De son côté, Ombelliscience a choisi également la bande dessinée comme outil de médiation scientifique. L’association a organisé une formation doctorale « Sciences en BD » pour 25 doctorants de l’Université Picardie Jules Verne depuis 2017 avec l’aide du collectif Stimuli. Stimuli est en charge de la conception et de l’animation de cette formation dont l’objectif est de donner les outils nécessaires aux doctorants pour valoriser leur recherche en BD. Nicolas Brazier présente le format : trois jours de formation avec Laurence Bordenave et un dessinateur, à l’issue duquel les doctorants sont invités à produire une planche de BD, utilisé ensuite comme support pédagogique, mais aussi dans des posters et des publications scientifiques vulgarisés. Les doctorants ont parfois utilisé ce qu’ils ont produit en appui pédagogique, pour communiquer auprès de leur cible par exemple.
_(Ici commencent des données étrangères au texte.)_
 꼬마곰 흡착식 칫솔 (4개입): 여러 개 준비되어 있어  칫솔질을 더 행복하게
Le média bande dessinée, plus particulièrement la scénarisation de sa recherche, a un sérieux avantage d’après des retours des doctorants eux-mêmes, retours recueillis par Ombelliscience après la formation : celui de leur faire se poser des questions qu’ils ne se seraient pas posées autrement. Guillaume Boutanox, illustrateur et membre du collectif Stimuli, intervenant dans la dernière session de formation à Amiens, affirme que la bande dessinée est un média aisément accessible pour peu que l’on en connaisse les codes. Il est tout à fait possible de raconter une histoire en BD sans être un dessinateur professionnel : la narration séquentielle permet souvent de raconter simplement des idées complexes.
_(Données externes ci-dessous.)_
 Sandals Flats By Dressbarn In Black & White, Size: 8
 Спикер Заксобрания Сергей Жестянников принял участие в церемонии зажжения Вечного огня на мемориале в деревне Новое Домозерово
Quelle est alors la meilleure manière d’y placer des contenus scientifiques ? Selon Nicolas Beck, la question de la crédibilité de ce média s’est posée dans la communauté scientifique au démarrage du projet « 11 thèses en BD », pour lequel le principal frein rencontré était la réticence de certains chercheurs face à la pertinence de la BD pour « parler » de recherches complexes. Une des réponses apportées par le service Culture Scientifique et Technique se trouvait dans le rôle du médiateur qui est essentiel pour apporter un point de vue complémentaire à ceux du chercheur et de l’illustrateur, avis partagé par tous les intervenants de la table ronde
Reste aujourd’hui à prolonger ces initiatives pour que les jeunes chercheurs, formés à ces formes d’écriture souvent inédites dans les laboratoires, puissent partager leurs compétences, avec l’aide des services dédiés, au sein de leur université, mais aussi en dehors, en CCSTI, en classe ou en bibliothèque.